* _GIVEN RECORDS_:
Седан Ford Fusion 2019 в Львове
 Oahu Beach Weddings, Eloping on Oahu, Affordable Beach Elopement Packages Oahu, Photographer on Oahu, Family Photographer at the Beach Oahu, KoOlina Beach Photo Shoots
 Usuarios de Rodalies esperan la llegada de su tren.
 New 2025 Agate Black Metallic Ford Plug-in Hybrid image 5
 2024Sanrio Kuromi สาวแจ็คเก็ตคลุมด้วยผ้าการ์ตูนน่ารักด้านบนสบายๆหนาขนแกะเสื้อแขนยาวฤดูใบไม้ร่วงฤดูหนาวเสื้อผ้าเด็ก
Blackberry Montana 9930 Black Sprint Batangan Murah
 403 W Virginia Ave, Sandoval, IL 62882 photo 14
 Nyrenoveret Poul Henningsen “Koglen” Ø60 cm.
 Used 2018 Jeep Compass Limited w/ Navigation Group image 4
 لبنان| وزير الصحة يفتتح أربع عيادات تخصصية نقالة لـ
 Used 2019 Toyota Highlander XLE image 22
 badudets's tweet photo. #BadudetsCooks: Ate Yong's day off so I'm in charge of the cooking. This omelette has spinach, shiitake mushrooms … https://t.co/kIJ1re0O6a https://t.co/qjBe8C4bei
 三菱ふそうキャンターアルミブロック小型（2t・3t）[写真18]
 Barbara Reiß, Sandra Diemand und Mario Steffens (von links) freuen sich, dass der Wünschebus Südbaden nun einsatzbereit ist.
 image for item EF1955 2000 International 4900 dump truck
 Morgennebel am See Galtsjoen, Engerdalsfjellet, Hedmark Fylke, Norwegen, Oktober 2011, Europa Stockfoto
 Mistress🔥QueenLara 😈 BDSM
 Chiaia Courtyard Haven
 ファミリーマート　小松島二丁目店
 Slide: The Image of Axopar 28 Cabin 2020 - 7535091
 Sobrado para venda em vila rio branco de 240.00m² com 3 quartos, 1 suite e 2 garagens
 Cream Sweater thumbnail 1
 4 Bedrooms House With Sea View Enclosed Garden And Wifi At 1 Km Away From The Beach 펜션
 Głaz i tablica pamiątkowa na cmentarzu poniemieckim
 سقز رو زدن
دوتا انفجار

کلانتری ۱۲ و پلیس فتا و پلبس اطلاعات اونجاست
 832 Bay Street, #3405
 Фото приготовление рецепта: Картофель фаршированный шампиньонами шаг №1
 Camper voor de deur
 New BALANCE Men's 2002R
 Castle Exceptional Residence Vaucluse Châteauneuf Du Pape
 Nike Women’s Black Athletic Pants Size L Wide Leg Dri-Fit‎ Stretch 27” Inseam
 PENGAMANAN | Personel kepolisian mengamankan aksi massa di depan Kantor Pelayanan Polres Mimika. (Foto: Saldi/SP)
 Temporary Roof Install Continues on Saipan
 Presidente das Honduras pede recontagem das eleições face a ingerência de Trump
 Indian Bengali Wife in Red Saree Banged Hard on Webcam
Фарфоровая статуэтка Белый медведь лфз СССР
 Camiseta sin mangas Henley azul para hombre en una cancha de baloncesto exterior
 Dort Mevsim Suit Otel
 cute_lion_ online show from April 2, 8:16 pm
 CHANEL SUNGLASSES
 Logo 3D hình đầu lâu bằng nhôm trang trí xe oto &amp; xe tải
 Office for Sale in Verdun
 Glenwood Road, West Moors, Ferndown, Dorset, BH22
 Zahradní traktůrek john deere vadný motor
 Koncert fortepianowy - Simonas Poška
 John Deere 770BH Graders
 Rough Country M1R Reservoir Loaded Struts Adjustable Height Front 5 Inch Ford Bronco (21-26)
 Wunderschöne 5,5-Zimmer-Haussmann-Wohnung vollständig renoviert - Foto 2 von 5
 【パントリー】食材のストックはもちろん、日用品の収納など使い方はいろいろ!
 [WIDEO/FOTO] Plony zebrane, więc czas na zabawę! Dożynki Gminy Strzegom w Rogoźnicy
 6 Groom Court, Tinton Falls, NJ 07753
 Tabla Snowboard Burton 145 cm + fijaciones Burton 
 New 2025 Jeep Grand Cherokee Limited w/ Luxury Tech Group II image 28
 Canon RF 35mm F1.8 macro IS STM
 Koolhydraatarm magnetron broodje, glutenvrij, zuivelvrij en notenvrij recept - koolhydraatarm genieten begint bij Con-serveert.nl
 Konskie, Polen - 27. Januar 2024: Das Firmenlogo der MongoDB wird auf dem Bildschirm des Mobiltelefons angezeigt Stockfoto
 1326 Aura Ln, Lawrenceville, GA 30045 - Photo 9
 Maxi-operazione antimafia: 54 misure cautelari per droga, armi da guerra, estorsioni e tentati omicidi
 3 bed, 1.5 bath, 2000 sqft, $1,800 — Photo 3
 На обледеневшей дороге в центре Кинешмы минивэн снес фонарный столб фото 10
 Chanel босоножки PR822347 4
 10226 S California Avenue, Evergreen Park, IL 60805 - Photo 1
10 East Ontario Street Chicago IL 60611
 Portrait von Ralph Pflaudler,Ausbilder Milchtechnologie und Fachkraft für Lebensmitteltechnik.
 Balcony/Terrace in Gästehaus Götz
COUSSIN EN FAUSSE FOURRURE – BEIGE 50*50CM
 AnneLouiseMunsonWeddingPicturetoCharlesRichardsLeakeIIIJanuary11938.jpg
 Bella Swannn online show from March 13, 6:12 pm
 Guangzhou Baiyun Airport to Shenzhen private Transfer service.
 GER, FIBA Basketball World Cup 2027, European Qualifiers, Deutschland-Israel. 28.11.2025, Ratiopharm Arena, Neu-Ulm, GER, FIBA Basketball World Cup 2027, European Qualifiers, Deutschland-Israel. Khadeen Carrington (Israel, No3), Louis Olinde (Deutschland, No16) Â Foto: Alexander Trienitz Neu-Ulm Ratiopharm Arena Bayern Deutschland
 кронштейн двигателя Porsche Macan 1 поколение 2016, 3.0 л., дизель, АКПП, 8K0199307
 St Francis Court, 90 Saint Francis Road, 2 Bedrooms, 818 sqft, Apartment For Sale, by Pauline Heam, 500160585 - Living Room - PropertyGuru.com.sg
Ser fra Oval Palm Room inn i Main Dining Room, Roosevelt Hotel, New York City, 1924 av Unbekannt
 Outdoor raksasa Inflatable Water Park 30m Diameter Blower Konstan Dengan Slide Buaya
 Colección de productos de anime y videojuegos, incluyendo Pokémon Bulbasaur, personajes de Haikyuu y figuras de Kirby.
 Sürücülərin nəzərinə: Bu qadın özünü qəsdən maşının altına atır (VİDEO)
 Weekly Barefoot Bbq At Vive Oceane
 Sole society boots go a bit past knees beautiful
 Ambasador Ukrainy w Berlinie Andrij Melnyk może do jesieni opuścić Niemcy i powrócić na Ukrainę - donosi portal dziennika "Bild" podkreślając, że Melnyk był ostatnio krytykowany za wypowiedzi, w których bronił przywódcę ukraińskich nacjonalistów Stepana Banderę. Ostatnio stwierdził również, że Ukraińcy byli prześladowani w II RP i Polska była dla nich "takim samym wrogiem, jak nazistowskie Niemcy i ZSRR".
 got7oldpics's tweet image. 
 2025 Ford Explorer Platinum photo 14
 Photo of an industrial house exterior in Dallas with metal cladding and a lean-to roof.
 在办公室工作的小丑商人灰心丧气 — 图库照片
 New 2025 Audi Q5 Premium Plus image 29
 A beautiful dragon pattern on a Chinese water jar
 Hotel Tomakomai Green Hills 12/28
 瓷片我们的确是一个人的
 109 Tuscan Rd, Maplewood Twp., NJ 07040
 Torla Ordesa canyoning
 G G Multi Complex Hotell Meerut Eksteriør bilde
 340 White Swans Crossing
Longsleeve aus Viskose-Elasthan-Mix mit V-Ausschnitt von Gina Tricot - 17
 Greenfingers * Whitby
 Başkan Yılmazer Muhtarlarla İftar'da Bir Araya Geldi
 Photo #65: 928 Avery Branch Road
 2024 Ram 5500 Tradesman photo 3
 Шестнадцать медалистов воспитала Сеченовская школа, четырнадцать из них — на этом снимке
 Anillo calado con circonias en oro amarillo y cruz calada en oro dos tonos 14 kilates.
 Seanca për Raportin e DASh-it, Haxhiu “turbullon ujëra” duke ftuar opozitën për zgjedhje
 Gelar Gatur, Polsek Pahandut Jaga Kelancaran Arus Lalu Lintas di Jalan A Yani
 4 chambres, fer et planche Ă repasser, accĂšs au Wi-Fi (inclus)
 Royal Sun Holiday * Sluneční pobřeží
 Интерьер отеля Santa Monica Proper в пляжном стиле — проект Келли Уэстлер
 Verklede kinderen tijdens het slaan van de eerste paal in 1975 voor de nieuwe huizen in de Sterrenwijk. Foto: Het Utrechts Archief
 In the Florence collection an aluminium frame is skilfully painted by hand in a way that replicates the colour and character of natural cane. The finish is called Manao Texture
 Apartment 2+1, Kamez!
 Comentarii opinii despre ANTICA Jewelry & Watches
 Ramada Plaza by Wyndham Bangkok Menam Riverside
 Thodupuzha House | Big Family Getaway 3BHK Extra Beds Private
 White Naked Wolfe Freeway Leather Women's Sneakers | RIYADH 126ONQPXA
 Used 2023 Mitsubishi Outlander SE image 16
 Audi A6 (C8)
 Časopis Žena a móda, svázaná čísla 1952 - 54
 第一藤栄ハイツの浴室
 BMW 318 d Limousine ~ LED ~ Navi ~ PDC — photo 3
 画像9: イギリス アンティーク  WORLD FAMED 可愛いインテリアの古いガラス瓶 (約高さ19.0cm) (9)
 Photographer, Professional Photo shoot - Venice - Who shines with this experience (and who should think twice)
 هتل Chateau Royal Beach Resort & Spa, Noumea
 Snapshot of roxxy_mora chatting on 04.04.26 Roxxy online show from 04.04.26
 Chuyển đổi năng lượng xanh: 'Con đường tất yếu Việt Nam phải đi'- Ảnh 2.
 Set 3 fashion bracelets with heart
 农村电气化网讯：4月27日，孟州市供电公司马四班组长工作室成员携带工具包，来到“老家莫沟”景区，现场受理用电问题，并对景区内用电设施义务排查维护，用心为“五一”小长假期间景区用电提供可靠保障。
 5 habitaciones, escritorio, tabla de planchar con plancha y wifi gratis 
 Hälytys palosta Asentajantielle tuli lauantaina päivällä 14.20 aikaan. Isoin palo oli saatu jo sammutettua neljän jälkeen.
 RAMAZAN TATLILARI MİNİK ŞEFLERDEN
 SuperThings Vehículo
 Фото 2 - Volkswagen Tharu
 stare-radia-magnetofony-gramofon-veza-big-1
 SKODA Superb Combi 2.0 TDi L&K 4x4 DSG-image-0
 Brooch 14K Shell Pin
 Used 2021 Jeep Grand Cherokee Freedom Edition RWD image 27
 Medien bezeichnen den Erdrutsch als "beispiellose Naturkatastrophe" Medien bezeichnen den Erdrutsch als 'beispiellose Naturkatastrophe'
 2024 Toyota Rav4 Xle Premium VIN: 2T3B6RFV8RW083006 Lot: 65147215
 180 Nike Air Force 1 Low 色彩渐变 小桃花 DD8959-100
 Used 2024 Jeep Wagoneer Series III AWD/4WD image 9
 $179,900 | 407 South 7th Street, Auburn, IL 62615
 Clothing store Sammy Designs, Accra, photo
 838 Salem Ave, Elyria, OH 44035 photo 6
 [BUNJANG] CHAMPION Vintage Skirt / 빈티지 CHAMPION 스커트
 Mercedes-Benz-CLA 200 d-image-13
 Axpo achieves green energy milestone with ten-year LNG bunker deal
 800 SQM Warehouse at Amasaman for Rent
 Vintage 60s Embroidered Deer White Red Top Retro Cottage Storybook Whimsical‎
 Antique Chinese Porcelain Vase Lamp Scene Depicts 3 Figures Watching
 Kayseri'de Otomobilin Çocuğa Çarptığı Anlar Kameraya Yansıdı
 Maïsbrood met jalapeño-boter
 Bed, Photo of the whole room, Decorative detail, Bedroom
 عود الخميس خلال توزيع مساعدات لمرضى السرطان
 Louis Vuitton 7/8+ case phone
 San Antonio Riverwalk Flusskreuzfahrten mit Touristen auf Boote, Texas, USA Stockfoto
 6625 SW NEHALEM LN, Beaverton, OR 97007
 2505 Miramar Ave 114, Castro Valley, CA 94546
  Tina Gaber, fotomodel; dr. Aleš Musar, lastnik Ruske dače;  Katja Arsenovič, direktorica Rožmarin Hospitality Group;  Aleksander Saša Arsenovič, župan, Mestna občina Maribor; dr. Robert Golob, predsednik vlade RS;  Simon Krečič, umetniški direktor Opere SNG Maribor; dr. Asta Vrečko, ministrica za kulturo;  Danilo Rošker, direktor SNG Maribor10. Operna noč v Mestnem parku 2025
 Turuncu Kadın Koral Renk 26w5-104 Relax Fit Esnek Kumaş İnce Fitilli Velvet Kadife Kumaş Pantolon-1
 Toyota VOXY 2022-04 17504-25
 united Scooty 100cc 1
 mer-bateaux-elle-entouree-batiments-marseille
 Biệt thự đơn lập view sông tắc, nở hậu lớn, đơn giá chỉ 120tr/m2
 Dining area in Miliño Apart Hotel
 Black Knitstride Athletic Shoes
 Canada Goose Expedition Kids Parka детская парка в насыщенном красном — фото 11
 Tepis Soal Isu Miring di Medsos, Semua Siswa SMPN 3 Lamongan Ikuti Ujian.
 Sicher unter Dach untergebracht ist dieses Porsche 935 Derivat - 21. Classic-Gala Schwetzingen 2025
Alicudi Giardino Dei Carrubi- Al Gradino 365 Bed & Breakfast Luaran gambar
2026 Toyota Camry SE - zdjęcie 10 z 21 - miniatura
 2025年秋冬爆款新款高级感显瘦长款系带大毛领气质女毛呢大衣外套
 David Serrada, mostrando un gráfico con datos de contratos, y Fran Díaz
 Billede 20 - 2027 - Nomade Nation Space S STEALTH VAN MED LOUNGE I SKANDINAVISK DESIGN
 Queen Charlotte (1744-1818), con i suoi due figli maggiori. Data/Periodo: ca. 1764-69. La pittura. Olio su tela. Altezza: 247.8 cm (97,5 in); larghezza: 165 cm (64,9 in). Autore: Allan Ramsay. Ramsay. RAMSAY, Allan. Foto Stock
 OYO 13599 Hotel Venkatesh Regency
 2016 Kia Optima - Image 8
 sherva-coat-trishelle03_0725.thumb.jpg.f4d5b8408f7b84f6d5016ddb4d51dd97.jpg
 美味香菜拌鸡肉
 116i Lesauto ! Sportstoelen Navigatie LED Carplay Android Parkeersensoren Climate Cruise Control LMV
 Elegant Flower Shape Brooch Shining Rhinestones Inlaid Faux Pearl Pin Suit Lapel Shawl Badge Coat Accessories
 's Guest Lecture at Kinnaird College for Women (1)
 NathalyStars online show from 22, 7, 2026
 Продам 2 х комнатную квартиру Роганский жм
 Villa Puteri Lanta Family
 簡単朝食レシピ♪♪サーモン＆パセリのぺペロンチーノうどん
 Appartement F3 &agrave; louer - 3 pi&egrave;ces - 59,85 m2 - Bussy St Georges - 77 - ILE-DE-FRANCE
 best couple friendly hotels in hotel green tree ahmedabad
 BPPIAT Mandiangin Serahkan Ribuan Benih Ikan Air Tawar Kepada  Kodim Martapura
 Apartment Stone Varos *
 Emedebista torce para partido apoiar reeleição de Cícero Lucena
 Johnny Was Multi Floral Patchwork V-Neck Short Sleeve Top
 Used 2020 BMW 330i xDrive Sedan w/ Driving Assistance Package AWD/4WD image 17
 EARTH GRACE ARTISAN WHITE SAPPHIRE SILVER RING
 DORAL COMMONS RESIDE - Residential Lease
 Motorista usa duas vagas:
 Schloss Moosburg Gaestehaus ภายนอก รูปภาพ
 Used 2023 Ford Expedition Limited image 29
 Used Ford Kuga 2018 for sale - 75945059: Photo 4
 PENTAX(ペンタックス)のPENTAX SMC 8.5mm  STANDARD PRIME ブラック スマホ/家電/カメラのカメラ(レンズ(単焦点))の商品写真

* _WHAT TO PRODUCE_: The lines to extract from the data above begin with the line containing "农村电气化网讯：4月27日，" and end with the line containing "Brooch 14K Shell Pin". Extract them exactly, including both.

* _ANSWER TO THIS PROBLEM_:
 农村电气化网讯：4月27日，孟州市供电公司马四班组长工作室成员携带工具包，来到“老家莫沟”景区，现场受理用电问题，并对景区内用电设施义务排查维护，用心为“五一”小长假期间景区用电提供可靠保障。
 5 habitaciones, escritorio, tabla de planchar con plancha y wifi gratis 
 Hälytys palosta Asentajantielle tuli lauantaina päivällä 14.20 aikaan. Isoin palo oli saatu jo sammutettua neljän jälkeen.
 RAMAZAN TATLILARI MİNİK ŞEFLERDEN
 SuperThings Vehículo
 Фото 2 - Volkswagen Tharu
 stare-radia-magnetofony-gramofon-veza-big-1
 SKODA Superb Combi 2.0 TDi L&K 4x4 DSG-image-0
 Brooch 14K Shell Pin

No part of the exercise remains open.